### EXERCISE
Repeat only the lines below from the one containing "restaurants-yasemi" through the one containing "À VENDRE – FONDS", inclusive, exactly as written.

[Entries taken from a collection]
○ ○ ○ ○
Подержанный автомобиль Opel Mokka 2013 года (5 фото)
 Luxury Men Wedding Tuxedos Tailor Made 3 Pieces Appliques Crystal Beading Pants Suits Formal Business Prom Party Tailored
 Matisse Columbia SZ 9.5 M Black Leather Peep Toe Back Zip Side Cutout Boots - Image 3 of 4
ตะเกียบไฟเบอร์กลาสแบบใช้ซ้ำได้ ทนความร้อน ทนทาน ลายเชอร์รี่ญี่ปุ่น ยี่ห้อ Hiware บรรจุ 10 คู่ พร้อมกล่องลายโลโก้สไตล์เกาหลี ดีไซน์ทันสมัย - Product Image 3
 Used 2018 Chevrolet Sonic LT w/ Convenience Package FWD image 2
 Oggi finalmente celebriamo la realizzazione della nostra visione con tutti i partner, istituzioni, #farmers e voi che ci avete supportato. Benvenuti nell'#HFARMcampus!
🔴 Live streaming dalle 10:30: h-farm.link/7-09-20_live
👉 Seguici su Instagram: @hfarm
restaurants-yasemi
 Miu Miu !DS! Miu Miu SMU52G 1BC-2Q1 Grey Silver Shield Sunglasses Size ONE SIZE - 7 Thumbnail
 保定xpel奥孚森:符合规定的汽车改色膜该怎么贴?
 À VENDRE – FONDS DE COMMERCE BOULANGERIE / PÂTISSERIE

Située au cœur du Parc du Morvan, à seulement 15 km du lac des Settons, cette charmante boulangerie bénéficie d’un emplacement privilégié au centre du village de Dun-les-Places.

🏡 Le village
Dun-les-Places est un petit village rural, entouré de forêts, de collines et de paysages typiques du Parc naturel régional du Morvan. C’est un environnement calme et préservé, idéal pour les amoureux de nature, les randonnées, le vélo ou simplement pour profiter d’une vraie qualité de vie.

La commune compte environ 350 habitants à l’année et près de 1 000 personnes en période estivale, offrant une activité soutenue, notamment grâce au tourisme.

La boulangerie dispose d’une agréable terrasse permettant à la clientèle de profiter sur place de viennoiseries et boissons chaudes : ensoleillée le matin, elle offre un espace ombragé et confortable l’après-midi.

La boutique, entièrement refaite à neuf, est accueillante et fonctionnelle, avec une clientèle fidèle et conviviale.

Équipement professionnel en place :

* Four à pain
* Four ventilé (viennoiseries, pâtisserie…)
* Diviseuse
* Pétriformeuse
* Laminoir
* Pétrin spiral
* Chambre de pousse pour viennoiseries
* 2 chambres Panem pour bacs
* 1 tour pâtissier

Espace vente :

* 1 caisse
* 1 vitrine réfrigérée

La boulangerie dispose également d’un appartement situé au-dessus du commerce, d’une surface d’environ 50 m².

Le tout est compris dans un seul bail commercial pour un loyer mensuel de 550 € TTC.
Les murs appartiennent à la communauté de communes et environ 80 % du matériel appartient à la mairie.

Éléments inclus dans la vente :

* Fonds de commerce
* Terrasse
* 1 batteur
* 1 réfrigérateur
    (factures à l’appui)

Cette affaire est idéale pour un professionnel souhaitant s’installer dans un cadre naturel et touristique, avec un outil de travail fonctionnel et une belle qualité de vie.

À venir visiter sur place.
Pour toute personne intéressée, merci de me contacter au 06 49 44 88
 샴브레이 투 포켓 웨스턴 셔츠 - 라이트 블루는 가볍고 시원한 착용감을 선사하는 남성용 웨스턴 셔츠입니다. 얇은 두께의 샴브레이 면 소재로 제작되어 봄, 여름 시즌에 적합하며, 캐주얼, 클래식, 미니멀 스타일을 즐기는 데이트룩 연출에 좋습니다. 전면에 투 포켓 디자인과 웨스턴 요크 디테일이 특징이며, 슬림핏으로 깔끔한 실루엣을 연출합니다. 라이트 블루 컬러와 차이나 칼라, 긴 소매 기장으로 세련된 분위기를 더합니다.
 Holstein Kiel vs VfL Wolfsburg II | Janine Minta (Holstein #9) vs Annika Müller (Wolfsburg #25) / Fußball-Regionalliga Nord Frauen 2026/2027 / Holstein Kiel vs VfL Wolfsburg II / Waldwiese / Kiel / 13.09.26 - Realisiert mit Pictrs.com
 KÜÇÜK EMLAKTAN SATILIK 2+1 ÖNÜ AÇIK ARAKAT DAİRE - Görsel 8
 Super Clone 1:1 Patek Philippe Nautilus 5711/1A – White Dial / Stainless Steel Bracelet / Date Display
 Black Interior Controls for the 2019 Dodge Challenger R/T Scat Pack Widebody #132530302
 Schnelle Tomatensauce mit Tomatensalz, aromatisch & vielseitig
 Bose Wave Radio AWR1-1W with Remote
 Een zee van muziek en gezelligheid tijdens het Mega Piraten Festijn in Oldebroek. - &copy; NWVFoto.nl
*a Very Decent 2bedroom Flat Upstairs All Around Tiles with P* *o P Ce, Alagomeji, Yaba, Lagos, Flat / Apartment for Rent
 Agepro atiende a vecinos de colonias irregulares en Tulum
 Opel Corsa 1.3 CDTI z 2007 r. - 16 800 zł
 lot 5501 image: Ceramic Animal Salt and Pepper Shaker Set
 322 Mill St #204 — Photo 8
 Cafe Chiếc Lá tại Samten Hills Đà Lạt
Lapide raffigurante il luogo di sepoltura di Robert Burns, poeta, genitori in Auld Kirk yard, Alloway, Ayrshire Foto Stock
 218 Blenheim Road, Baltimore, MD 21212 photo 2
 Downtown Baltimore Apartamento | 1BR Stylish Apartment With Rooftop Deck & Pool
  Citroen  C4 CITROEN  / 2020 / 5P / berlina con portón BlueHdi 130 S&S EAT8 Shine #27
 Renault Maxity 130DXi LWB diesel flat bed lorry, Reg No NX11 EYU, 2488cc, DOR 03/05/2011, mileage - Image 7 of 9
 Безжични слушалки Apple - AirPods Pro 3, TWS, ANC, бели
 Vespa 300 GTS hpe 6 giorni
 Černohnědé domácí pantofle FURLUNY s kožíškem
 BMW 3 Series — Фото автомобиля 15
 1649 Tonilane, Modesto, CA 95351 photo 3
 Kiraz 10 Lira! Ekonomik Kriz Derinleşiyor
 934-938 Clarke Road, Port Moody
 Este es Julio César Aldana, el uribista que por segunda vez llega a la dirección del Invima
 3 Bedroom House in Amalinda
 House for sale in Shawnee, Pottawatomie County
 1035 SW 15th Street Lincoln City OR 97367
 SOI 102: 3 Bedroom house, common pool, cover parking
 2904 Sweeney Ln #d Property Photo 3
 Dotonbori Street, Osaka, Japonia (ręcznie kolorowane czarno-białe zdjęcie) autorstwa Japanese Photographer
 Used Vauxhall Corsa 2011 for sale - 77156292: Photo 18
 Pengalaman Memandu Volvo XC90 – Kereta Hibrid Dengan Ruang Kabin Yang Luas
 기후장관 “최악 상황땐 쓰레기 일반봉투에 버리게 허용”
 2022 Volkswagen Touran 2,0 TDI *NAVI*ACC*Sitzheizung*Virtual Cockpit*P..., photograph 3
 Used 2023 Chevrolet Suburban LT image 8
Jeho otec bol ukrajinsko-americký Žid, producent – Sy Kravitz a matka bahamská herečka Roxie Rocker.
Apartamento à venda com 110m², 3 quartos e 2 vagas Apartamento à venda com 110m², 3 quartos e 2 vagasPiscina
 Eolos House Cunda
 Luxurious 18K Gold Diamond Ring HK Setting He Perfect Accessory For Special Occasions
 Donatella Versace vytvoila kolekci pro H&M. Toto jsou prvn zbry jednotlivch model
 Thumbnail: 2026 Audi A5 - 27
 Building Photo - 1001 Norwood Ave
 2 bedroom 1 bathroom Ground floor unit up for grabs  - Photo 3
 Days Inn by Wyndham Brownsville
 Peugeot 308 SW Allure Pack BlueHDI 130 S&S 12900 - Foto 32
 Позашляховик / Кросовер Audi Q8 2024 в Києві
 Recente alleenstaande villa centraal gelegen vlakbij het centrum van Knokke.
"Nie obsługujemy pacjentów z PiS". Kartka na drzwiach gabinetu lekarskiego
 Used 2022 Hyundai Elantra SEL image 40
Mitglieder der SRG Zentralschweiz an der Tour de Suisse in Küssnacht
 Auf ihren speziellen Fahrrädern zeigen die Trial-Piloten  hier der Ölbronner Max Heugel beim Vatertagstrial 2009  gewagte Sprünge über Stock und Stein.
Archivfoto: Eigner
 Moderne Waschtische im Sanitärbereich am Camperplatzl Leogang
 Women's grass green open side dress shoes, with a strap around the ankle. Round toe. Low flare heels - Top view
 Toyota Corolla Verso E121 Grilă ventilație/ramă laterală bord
○ ○ ○ ○
### EXERCISE RESULT
restaurants-yasemi
 Miu Miu !DS! Miu Miu SMU52G 1BC-2Q1 Grey Silver Shield Sunglasses Size ONE SIZE - 7 Thumbnail
 保定xpel奥孚森:符合规定的汽车改色膜该怎么贴?
 À VENDRE – FONDS DE COMMERCE BOULANGERIE / PÂTISSERIE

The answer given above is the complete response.